[[ Material for this task, beginning ]]
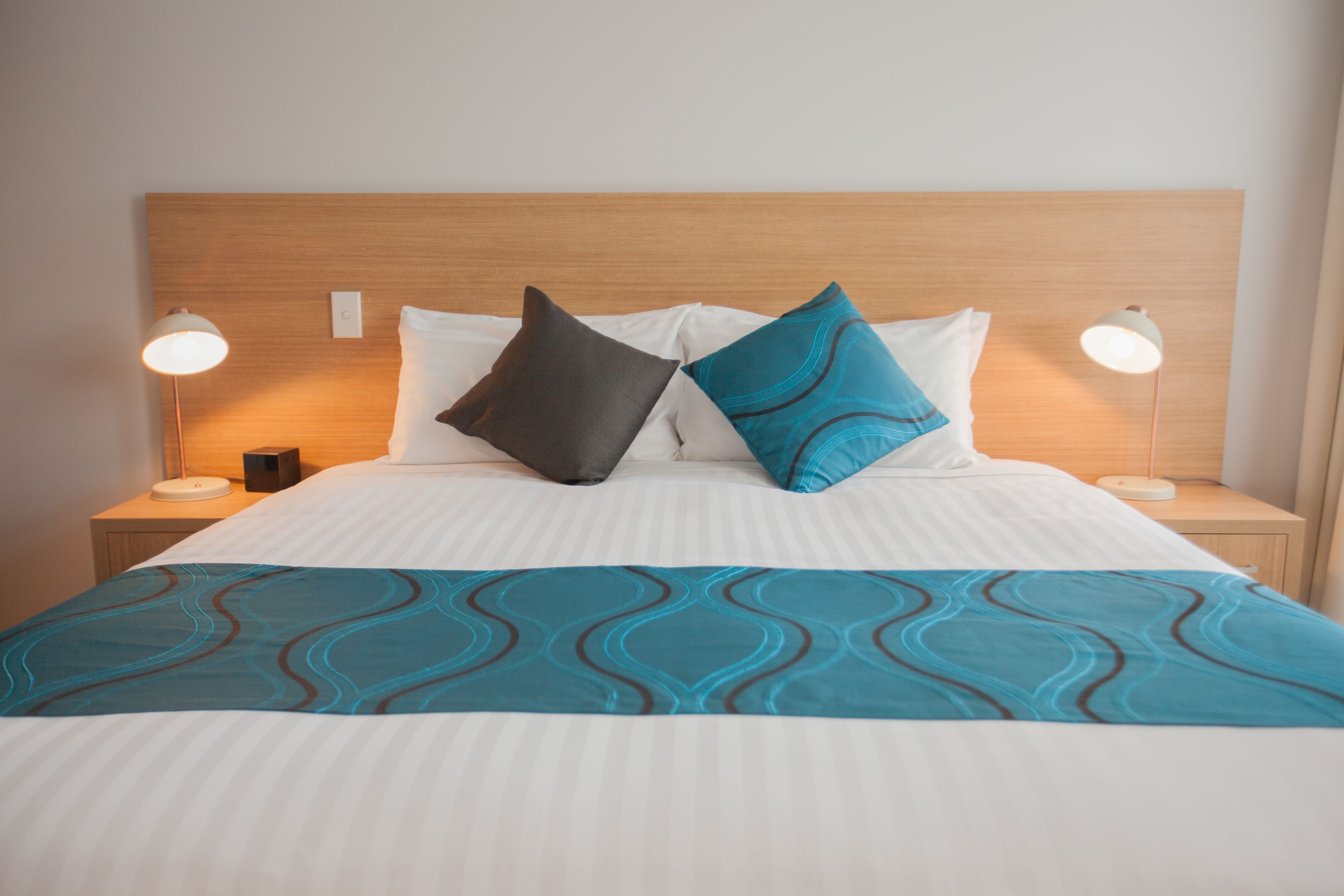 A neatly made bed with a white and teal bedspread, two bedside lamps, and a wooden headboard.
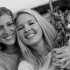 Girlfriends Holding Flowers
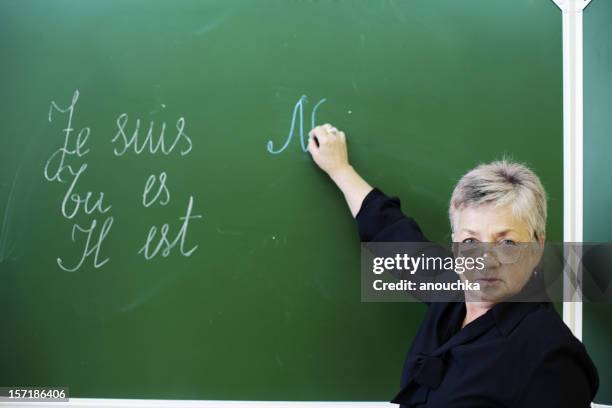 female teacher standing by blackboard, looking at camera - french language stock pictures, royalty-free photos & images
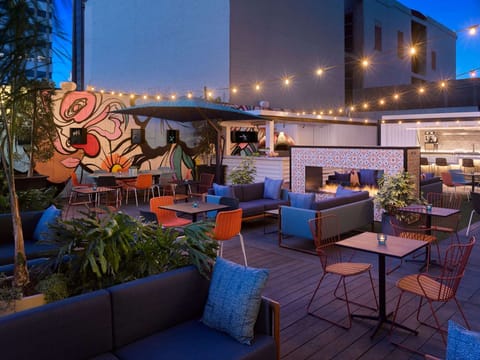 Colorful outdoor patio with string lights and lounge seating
[[ Material for this task, end ]]
[[ Material for this task, beginning ]]
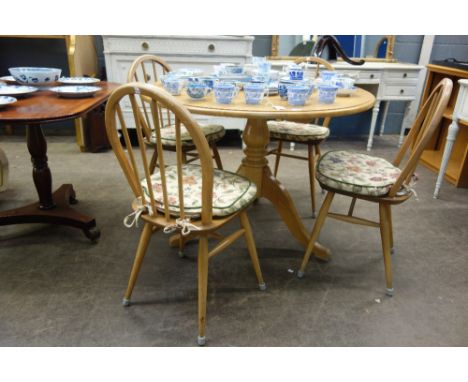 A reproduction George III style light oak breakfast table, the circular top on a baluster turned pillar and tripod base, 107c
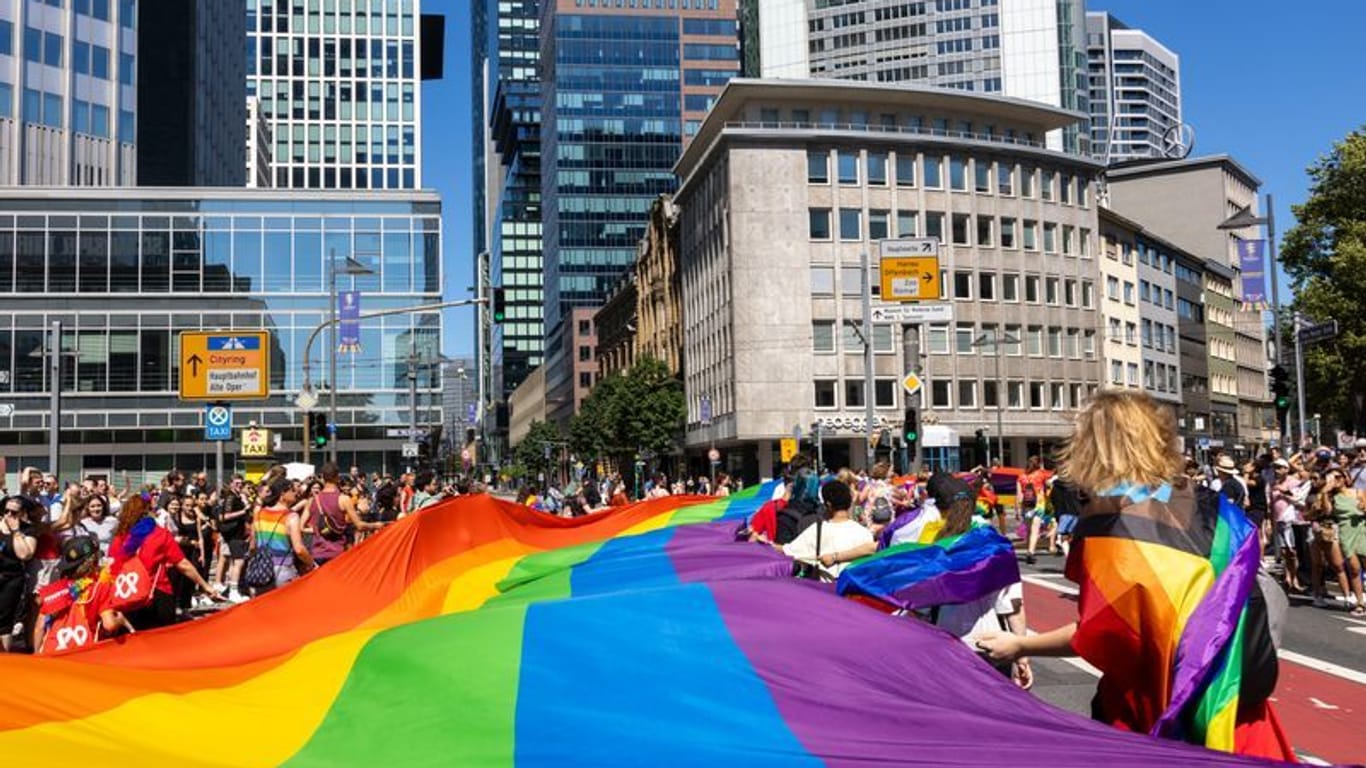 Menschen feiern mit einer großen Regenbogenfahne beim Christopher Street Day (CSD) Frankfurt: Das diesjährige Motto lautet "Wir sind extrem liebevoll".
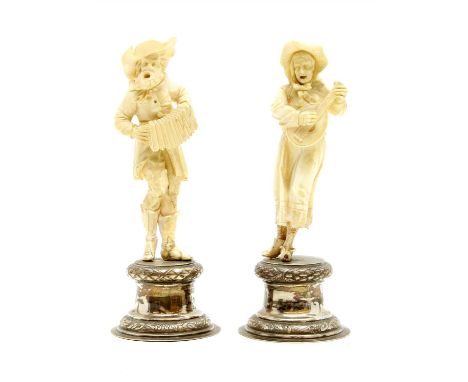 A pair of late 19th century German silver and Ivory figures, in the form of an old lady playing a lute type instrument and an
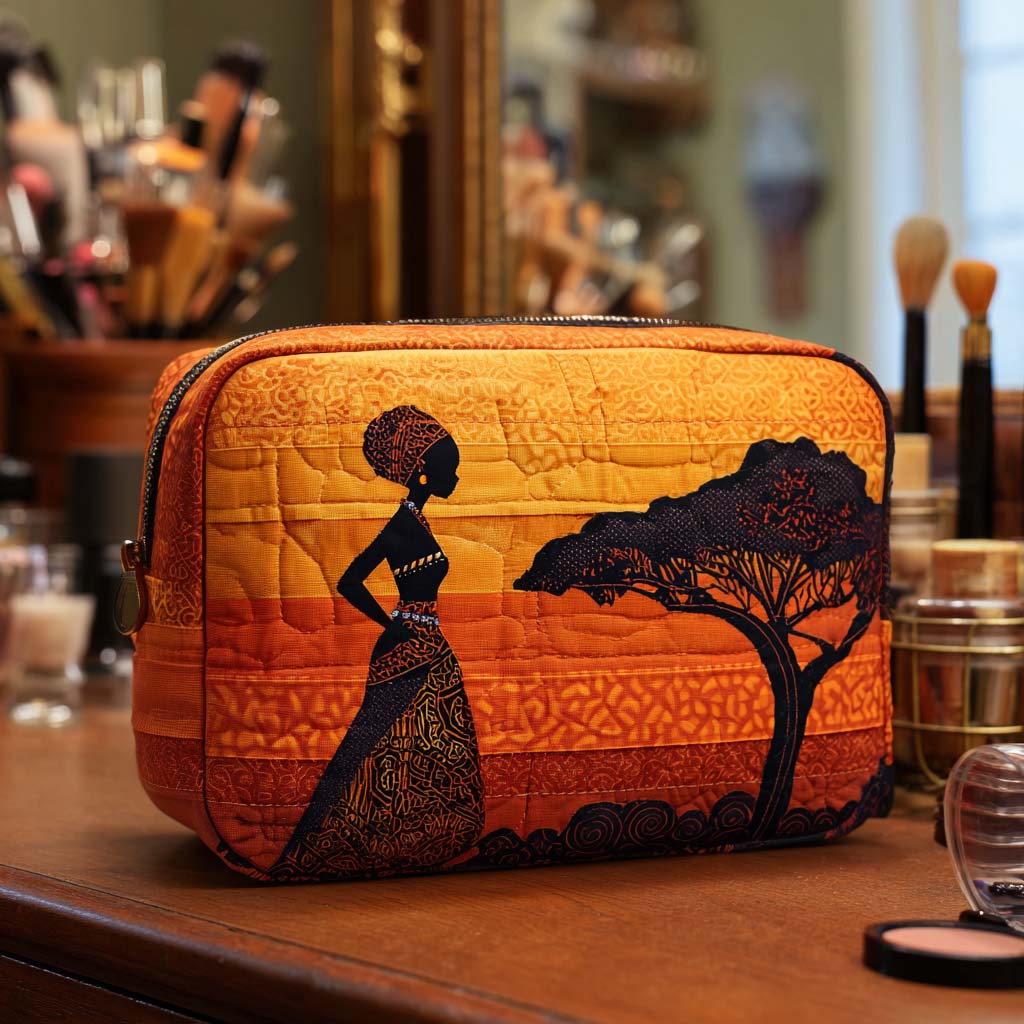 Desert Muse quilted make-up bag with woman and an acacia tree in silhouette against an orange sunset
[[ Material for this task, end ]]
### Exercise requirements
From the records above, give again only the part that opens with the line containing "female teacher standing" and closes with the line containing "Colorful outdoor patio". Keep both ends but drop the pictures.

### Your solution
 female teacher standing by blackboard, looking at camera - french language stock pictures, royalty-free photos & images
 Colorful outdoor patio with string lights and lounge seating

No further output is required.